Stored dataset items

*** Block opens ***

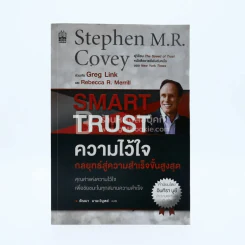 ความไว้ใจ กลยุทธ์สู่ความสำเร็จขั้นสูงสุด - Stephen M.R. Covey รูปที่ 1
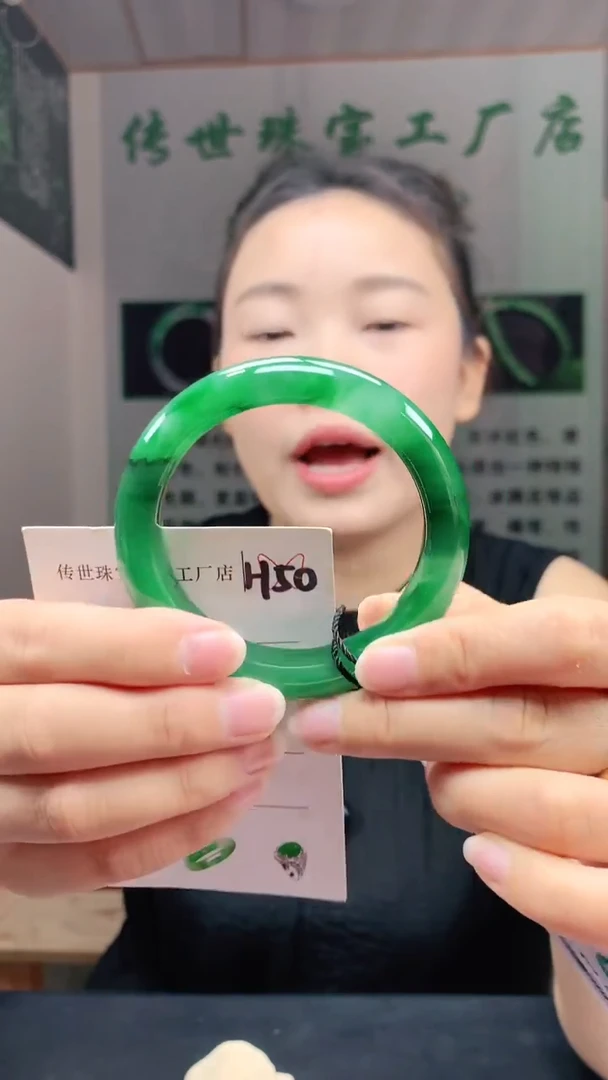 未镶嵌手镯石英质玉56+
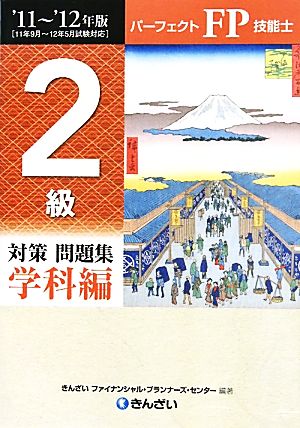 パーフェクトFP技能士2級対策問題集 学科編('11-'12年版)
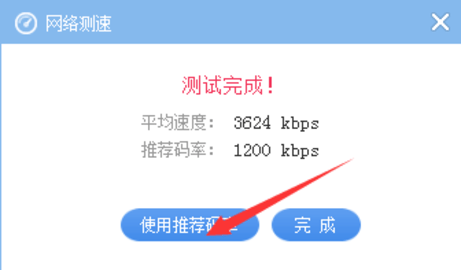 网易cc手游开播助手手机官方下载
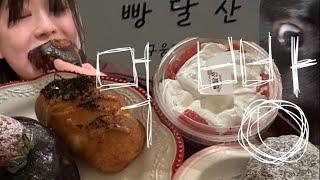 [vlog] 간헐적 폭식 : 목포빵달산 소금빵 케이크 슈들렌 먹방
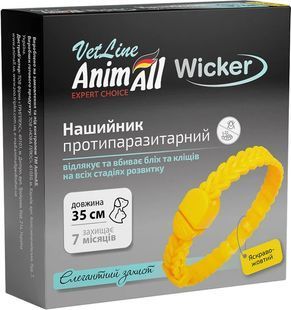 Ошейник противопаразитный AnimAll VetLine Wicker для собак и котов, желтый 35 см 167554 фото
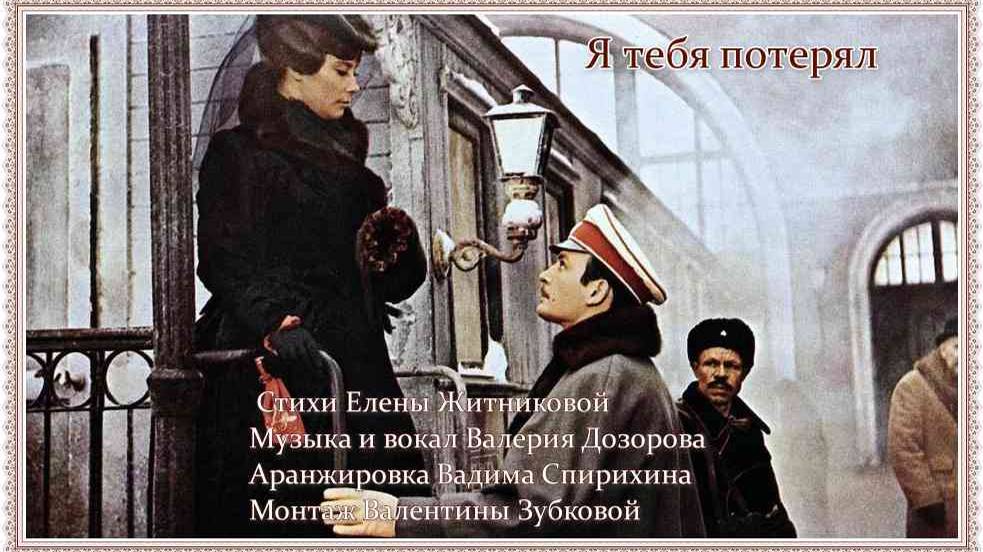 Я тебя потерял-ст.Е.Житниковой,муз и вокал В.Дозорова,монтаж В.Зубковой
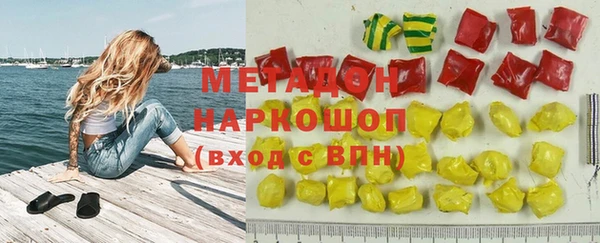 2c-b Алзамай
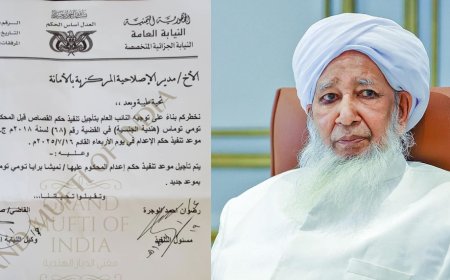 പ്രാർത്ഥനകൾ ഫലം കാണുന്നു; കാന്തപുരം.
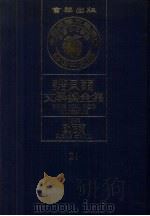 诺贝尔文学奖全集 21 欧尼尔 1981 PDF电子版封面 诺贝尔文学奖全集编译委员会译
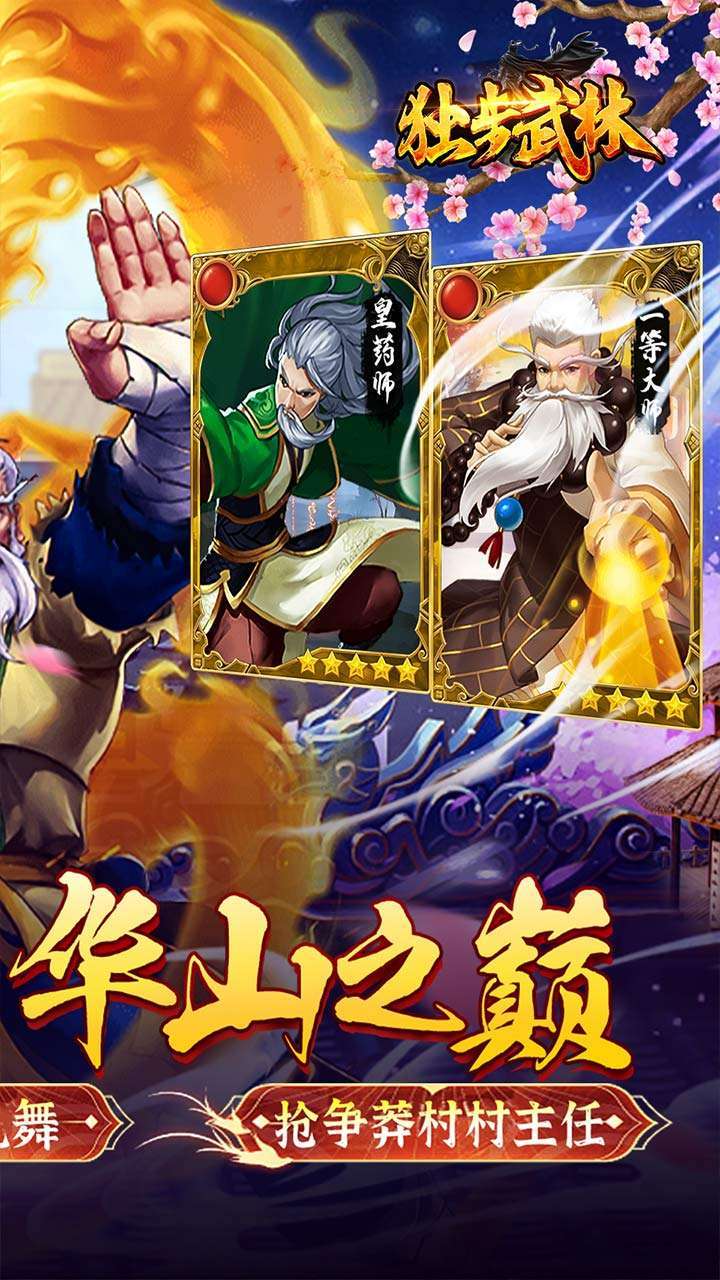 独步武林(BT百万级莽村狂乱飙)1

*** Block closes ***

* [WHAT YOU SHOULD DO]
In the reply, give again exactly the lines from the beginning of the entries above through the line with "2c-b Алзамай"; pictures stay out.

* [EXPECTED ANSWER]
 ความไว้ใจ กลยุทธ์สู่ความสำเร็จขั้นสูงสุด - Stephen M.R. Covey รูปที่ 1
 未镶嵌手镯石英质玉56+
 パーフェクトFP技能士2級対策問題集 学科編('11-'12年版)
 网易cc手游开播助手手机官方下载
 [vlog] 간헐적 폭식 : 목포빵달산 소금빵 케이크 슈들렌 먹방
 Ошейник противопаразитный AnimAll VetLine Wicker для собак и котов, желтый 35 см 167554 фото
 Я тебя потерял-ст.Е.Житниковой,муз и вокал В.Дозорова,монтаж В.Зубковой
 2c-b Алзамай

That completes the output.